Margaret Beckett, the British foreign minister, said on Friday that there was "an agreed text" and the full UN Security Council would receive the draft later in hopes of a vote later in the day.
US State Department spokesman Sean McCormack said Condoleezza Rice, the secretary of state, welcomed the agreement.
"That is a positive step forward but it is only one step in this process. We want a vote on this resolution that will lead to a lasting resolution," McCormack said.
Israel and Lebanon have received copies of the draft resolution.
Ehud Olmert, the Israeli prime minister, will ask his cabinet to approve the UN proposal on Sunday.
The Lebanese government will examine the resolution on Saturday but a source denied that it had already given the green light to the text.
In principle, the resolution meets the essential demands of the government in Beirut.
The agreement calls for an immediate "cessation of hostilities" followed by a phased withdrawal of Israeli units as the Lebanese army and an expanded UN peacekeeping force move into the south.
A deal on a resolution had been delayed over the timing of an Israeli withdrawal from south Lebanon.
Beirut wanted a quick Israeli pullout, but Tel Aviv had said a strong multinational force must be deployed first.
The latest compromise calls for a phased Israeli withdrawal as the Lebanese army moves into the south.

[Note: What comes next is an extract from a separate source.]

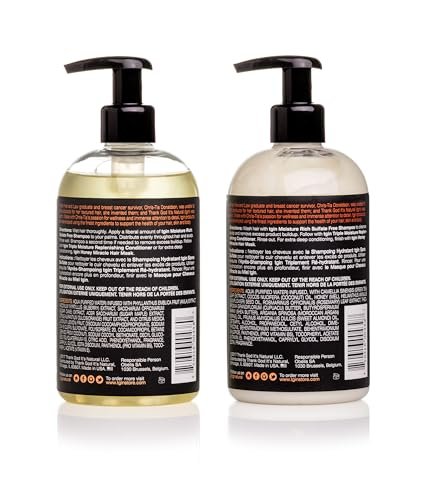 tgin Moisturizing Shampoo & Conditioner Duo for Curly, Coily and Wavy Hair - Sulfate Free, Moisturizes and Detangles Dry Hair, 13 oz Each Avelisse
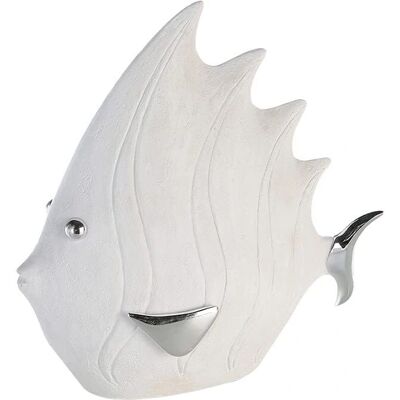 Figura Pesce GILDE - Bianco/Argento - 36x33cm - Oggetto Decorativo Figura Pesce GILDE - Bianco/Argento - 36x33cm - Oggetto Decorativo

At the same time, the UN Interim Force in Lebanon would be reinforced by up to 15,000 French and other troops.
As part of the deal, Hezbollah would pull out from south of the Litani River, 20km from the Israeli border.
More than 1,000 Lebanese and 121 Israelis have been killed in the five-week war that began on July 12.
At the insistence of Lebanon, the United States and Britain agreed to drop a reference to Chapter 7 of the UN Charter, which permits a robust UN peacekeeping operation.
But Emyr Jones Parry, Britain's ambassador to the UN, said the text would carry strong rules of engagement for the expanded force that France is expected to lead.
Beckett cautioned that the resolution, expected to take a week to implement, was a short-term one. "We're not here trying to solve all the problems of the Middle East overnight."
A second resolution on a permanent ceasefire is to follow within a month, tackling a range of outstanding issues.